The play also incorporates elements of Brecht’s ‘breaking of the fourth wall’ and Realism in both the scripted and our class performance of the final scene. As the original script’s stage directions dictate; “they line up diagonally…just like in the first scene. Then the actors break out of their roles and talk in turn about their own experiences.” The original production in 1998 did just this in relation to indigenous actors and their role in the stolen generation. However, for our class performance, students emulated the directions through their experiences in workshopping, characters, researching and performing Stolen.
This simple, stripped back and realist Brechtian ending was the perfect theatrical technique and choice to reflect the plays content and importance of personal connection and emotion, adding and a contemporary spin on Australian theatre. As an audience member, it was incredibly powerful hearing actors talk unscripted and bring a true sense of realism and conviction when recounting their own experience; strengthening the actor-audience relationship through understanding and empathy. One can only imagine the immense power of individuals exposed to the stolen generation and Australia’s dark past, and their re-telling of stories as actors on stage in Stolen. Witnessing our class performances, it was clear Harrison’s intent of emotional connection with the audience and an empowered empathy towards the story and our own traditional and contemporary society.

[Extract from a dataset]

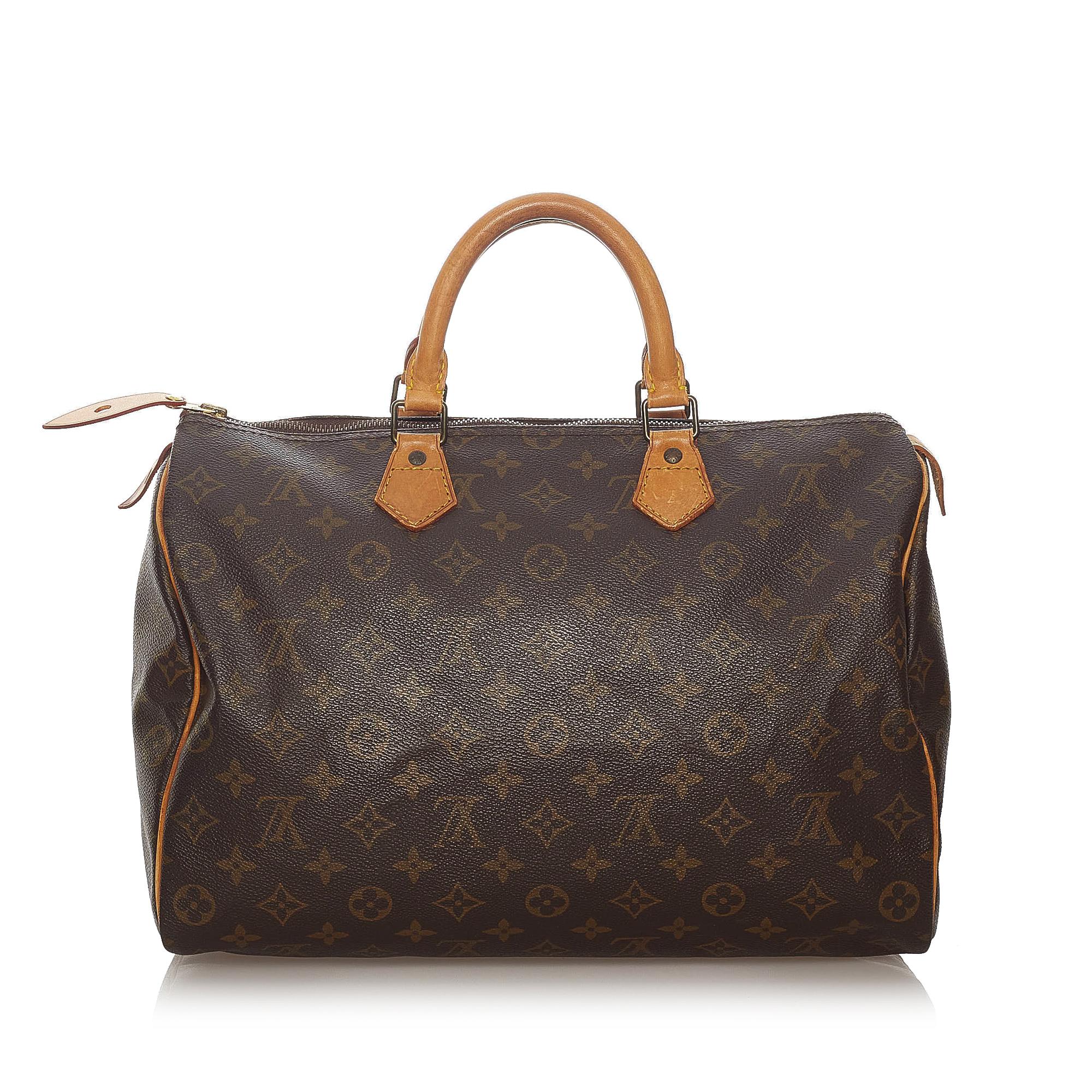 Louis Vuitton Monogram Speedy 30 (SHG-27851)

Theatre is simply a mirror to our society; a reflection of our past wrongs and future endeavours with the aim of social comment and audience engagement. Both Cameron’s ‘Ruby Moon’ and Harrison’s ‘Stolen’ address contemporary Australian society content: whether it is the warped world of suburbia or our country’s mistakes, both employ dramatic and theatrical techniques and style to reflect this and strengthen the actor-audience relationship. As Matt Cameron quotes, “theatre exists in the imagination of the beholder…it is not necessarily about the black hat. It is about the blind man in the dark room looking for it.”